Then, a few months ago, I got a letter from Vaughn about his execution date. I was worried for him and I was worried for me. I was worried about coming back from visiting him and being crushed. I worried that my hope and faith in the world would be lost.

And so I determined not to be destroyed by it. I determined to go and see him and have a nice time and hopefully cheer him up in his last few weeks of life but not to return a broken woman.

I couldn’t. I just couldn’t let myself be destroyed. It wasn’t an option. Things are nice in my life right now. I mustn’t let this draw me away into a shell and re-realise the devastating truth that a man had been killed and I couldn’t do anything to help him or to stop it.

And so I came home from Texas and I was fine. I barely mentioned that I’d been away or where to or why unless it came up in conversation and I was asked specifically why I went. I managed to keep my thoughts and feelings in a box and keep it shut.

Every so often, waves of panic washed over me when I thought of the approaching date. I waited til they subsided then went on as normal.

And then July 18th came. What a horrible horrible night.

After we spoke for a while on the phone, there was a beeping on the line and mid-conversation, he said, “It’s call waiting. I’ve got to go.”

And I said, stupidly, like a rabbit in the headlights, “O! Ok, bye!
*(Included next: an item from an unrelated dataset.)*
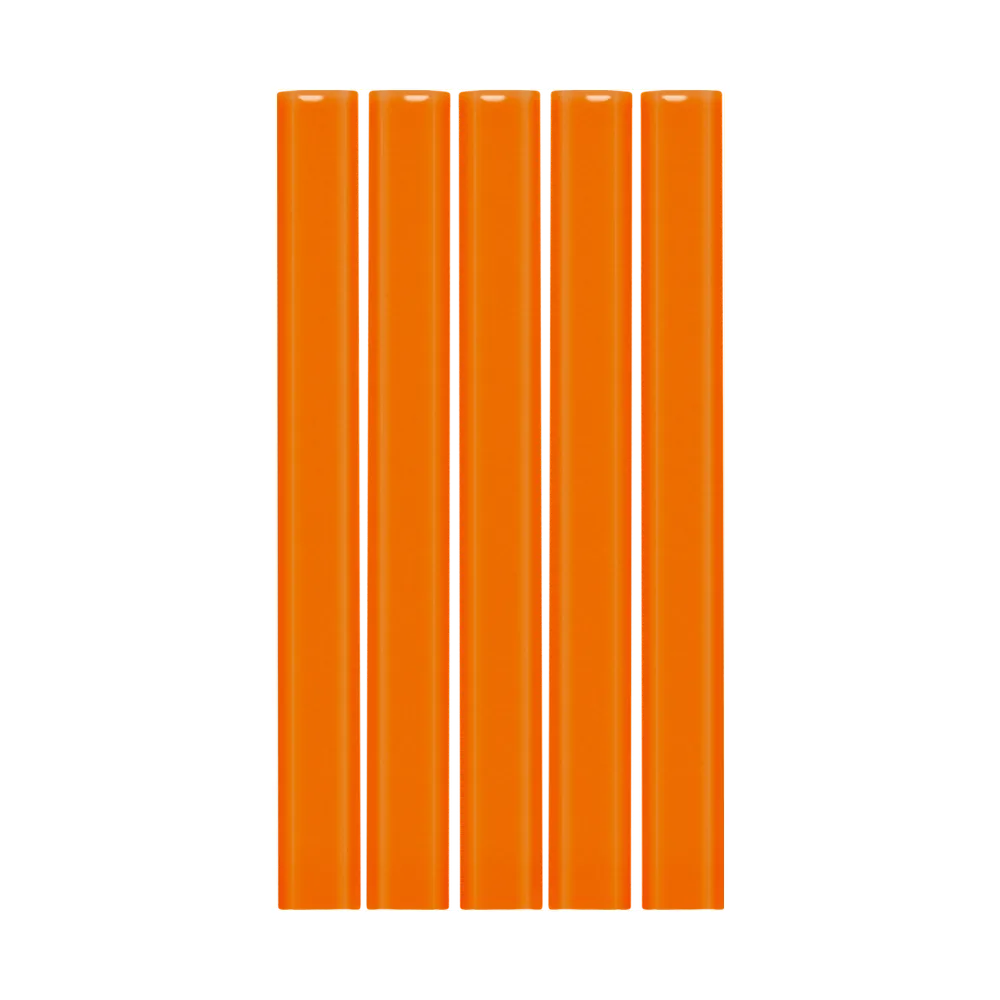 Azulejo 11x20 Ada Diamante Brillo Color Naranja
I… I wish this wasn’t happening.” And he hung up.

And that was how I said goodbye to him.

At 00:46 that evening, I read that he was dead. I gasped. I knew it was coming but I felt someone had ripped a body part off. Torn my throat out or punched me in the stomach or something. Unexpectedly, there were tears. I thought I’d be too shocked to be upset.

I went upstairs and lay down and stared at the ceiling. I had an early start the next day and I hadn’t the time to sit up and understand it all.

I just knew that I mustn’t be ruined by it. I mustn’t let it overwhelm me. I mustn’t shut down and shut people out.

So I continued on. I kept a level head and I worked and read books about other things.

And I forgot.

I forgot about Vaughn. And about his death. And about the time I spent with him.

And I didn’t feel anything. That scared me. The fact that I didn’t have any emotional response to the situation anymore.

I remember calling Vaughn back after about an hour. I wanted to talk to him again and I was suddenly frantic about what was about to happen.

The lady on the other end said the line was busy.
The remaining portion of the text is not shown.